Dar es Salaam. Tanzania is home to over 50 financial institutions but access to finance by industrialists is still difficult.

It’s estimated that financing industrial projects as outlined in the second five-year development plan would require Sh48 trillion which is larger than the total balance sheets of the top three banks in the country.

Banks have identified challenges that, unless fully addressed, the industrialisation dream would be difficult to realise. Some of the challenges are within the banks’s ability but some require joint efforts by the government and other stakeholders to address.

The NMB head of Wholesale Business Mr Filbert Mponzi who spoke about Tanzania’s banking sector at the Mwananchi Thought Leadership Forum (MTLF) last week said lenders are already participating but they have challenges that they should address to move on.

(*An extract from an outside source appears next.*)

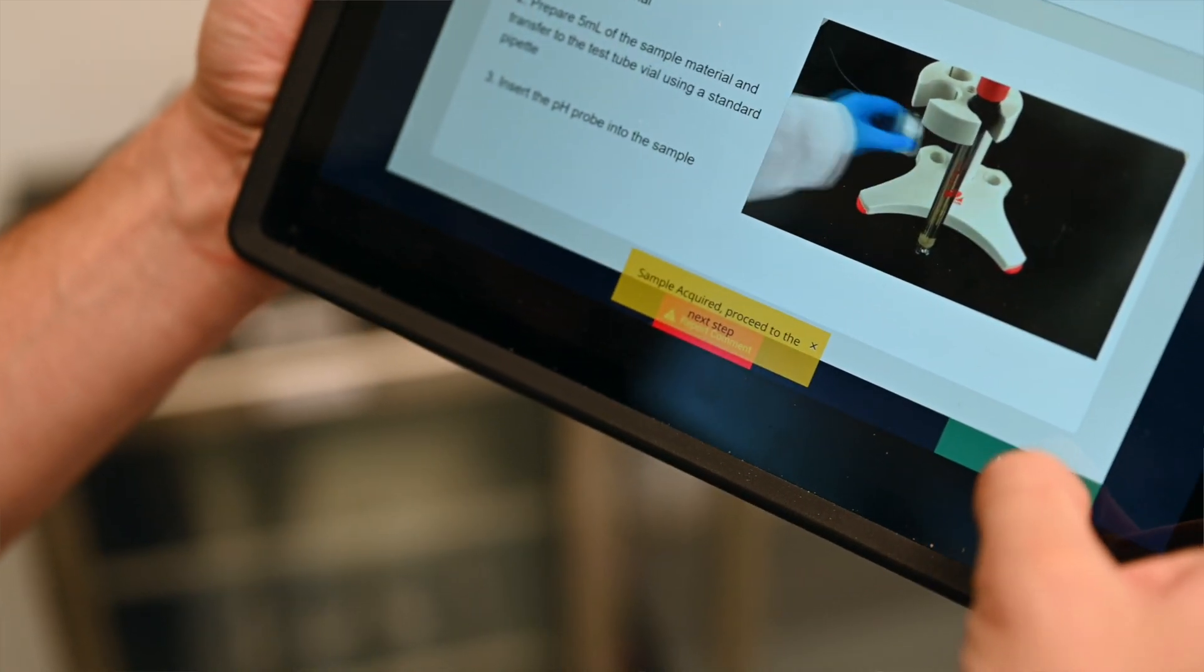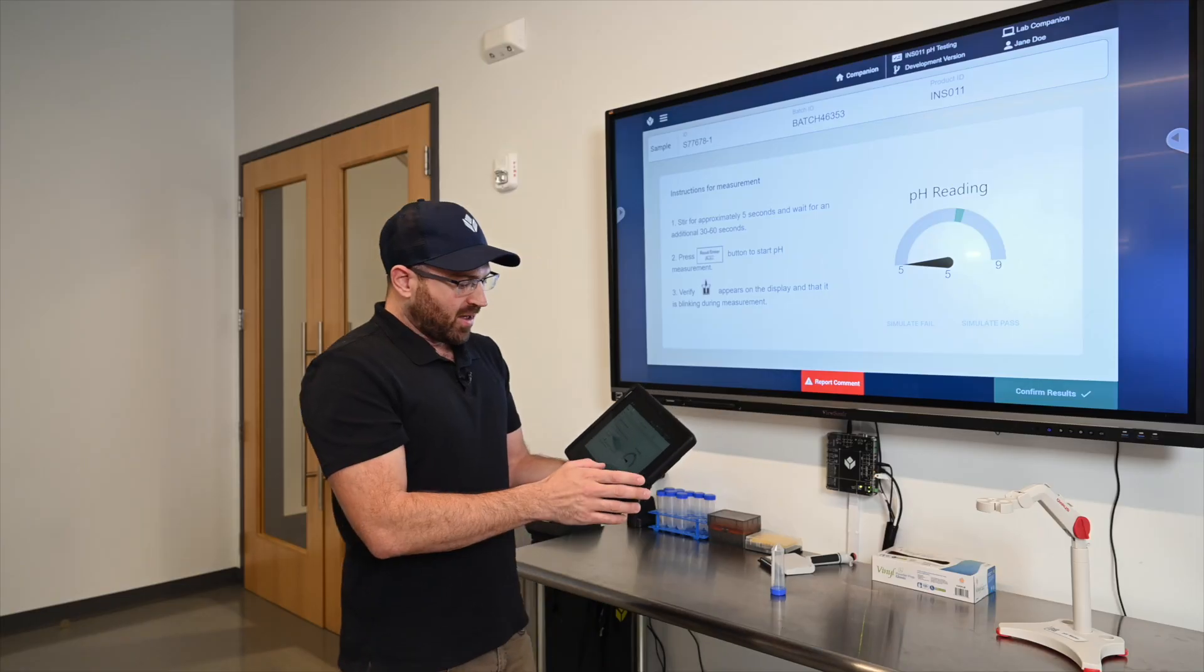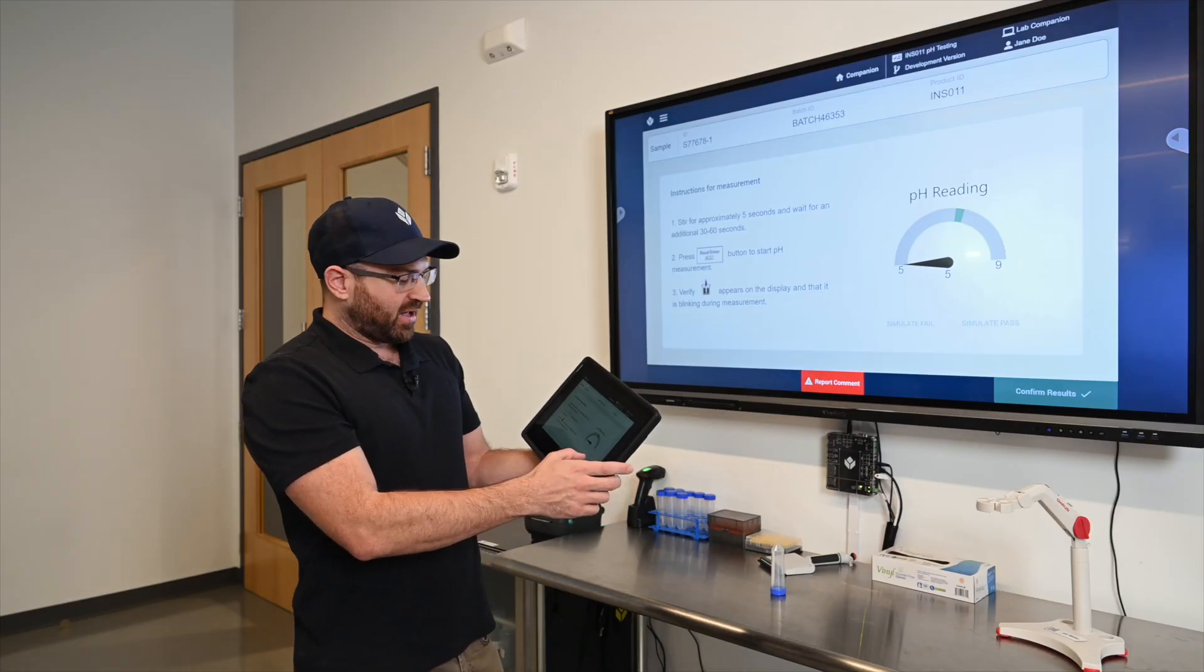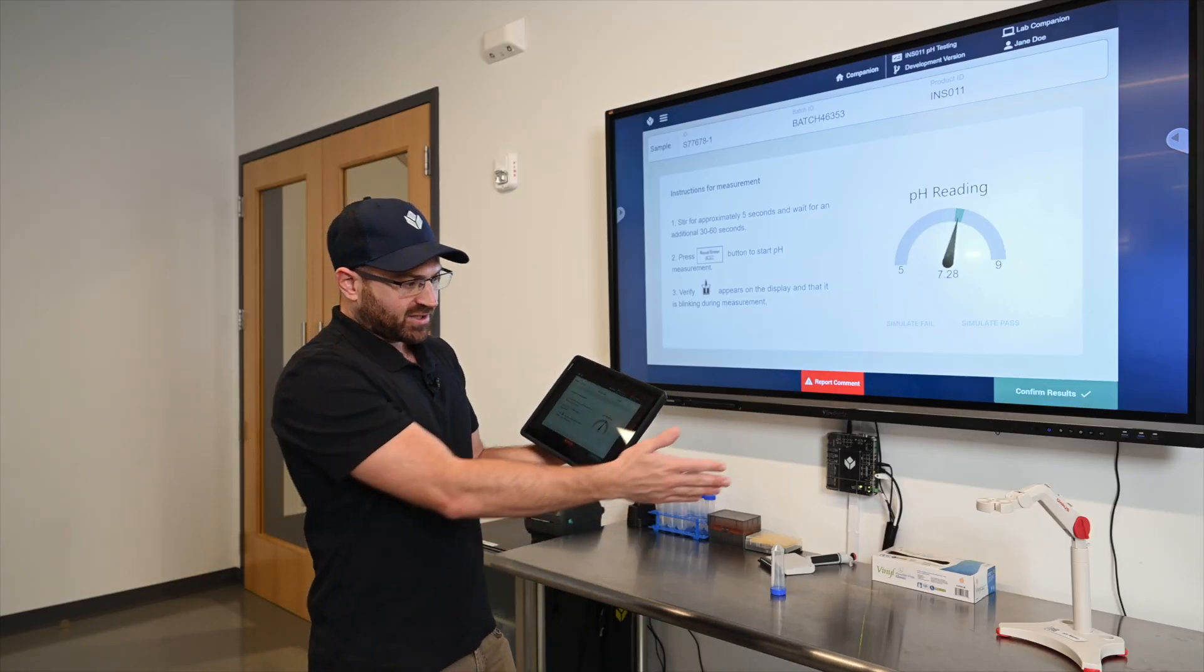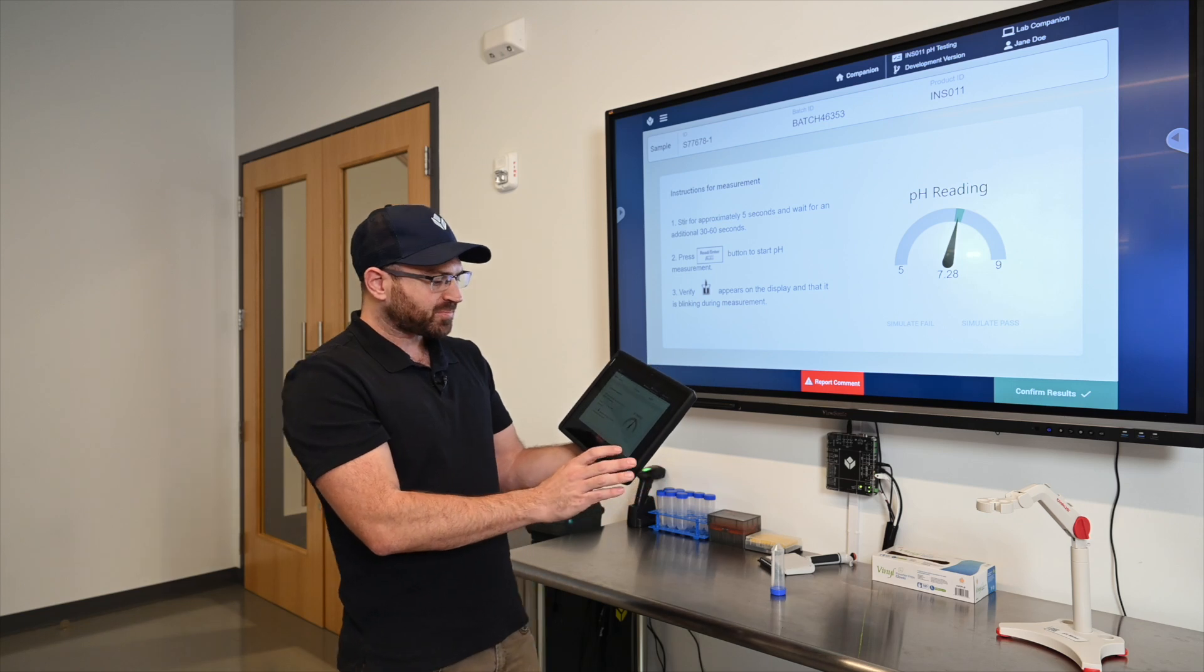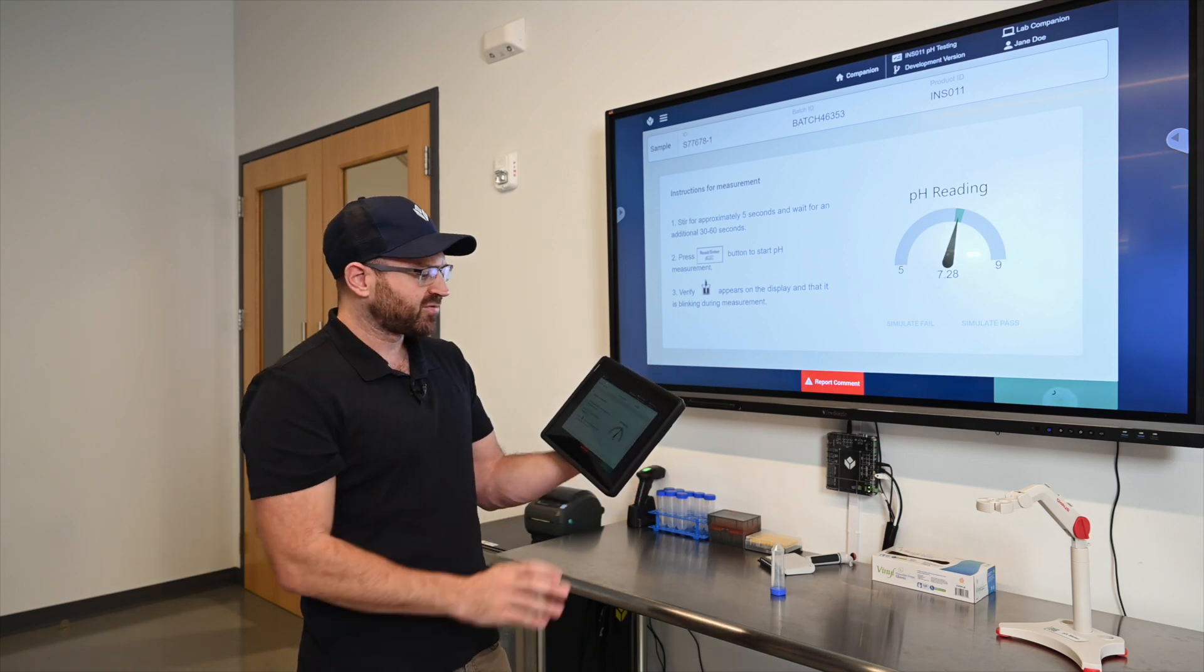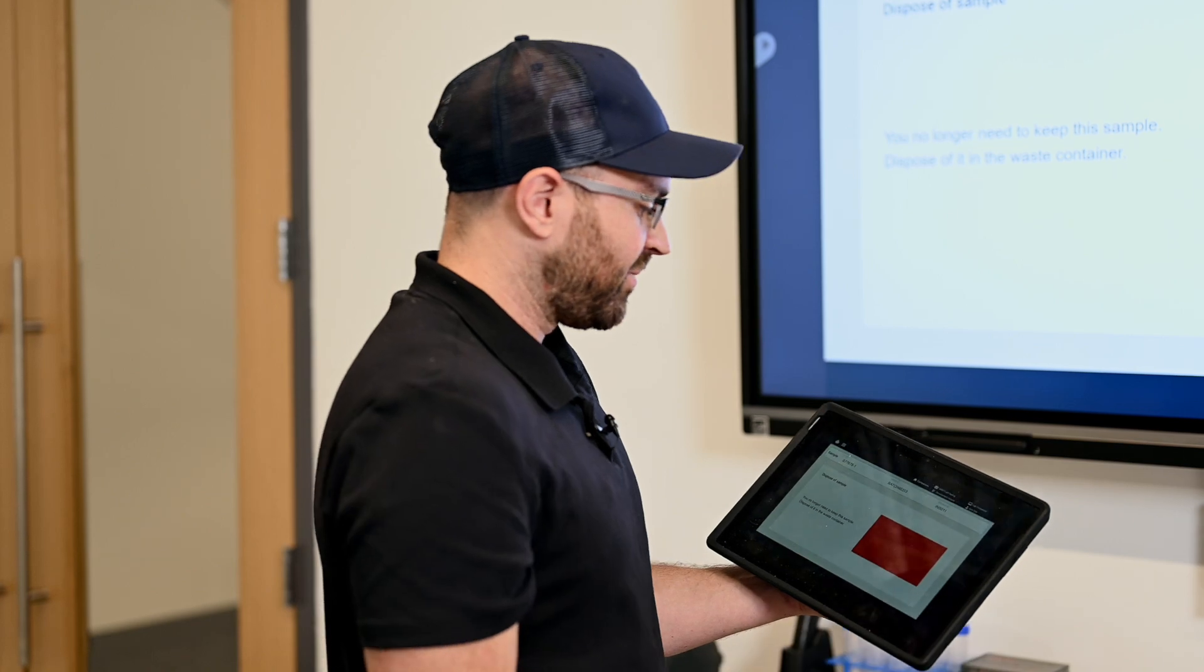I'm going to simulate this as a passing value but I could simulate a fail or I could actually connect directly to the pH meter. Confirm those results. And now that I've got those results I'm going to dispose of the sample.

“The issue is that the largest share of the money that we have is from short-term deposits which are not suitable for long-term loans,” said Mr Mponzi. “Most deposits are in current accounts which can be moved out of the banks anytime…We cannot use such deposits to finance industrial projects which need over five years to repay,” he added. Banks are doing something to address that issue.

“NMB, for example, has been working with foreign development finance institutions (DFIs) and managed to mobilise Sh300 billion,” he said. Most Tanzanian banks do not have the adequate skills to assess long-term loans, Mr Mponzi said. “There are specialized skills which are required when it comes to assessing long-term projects and majority of banks do not have that,” he added.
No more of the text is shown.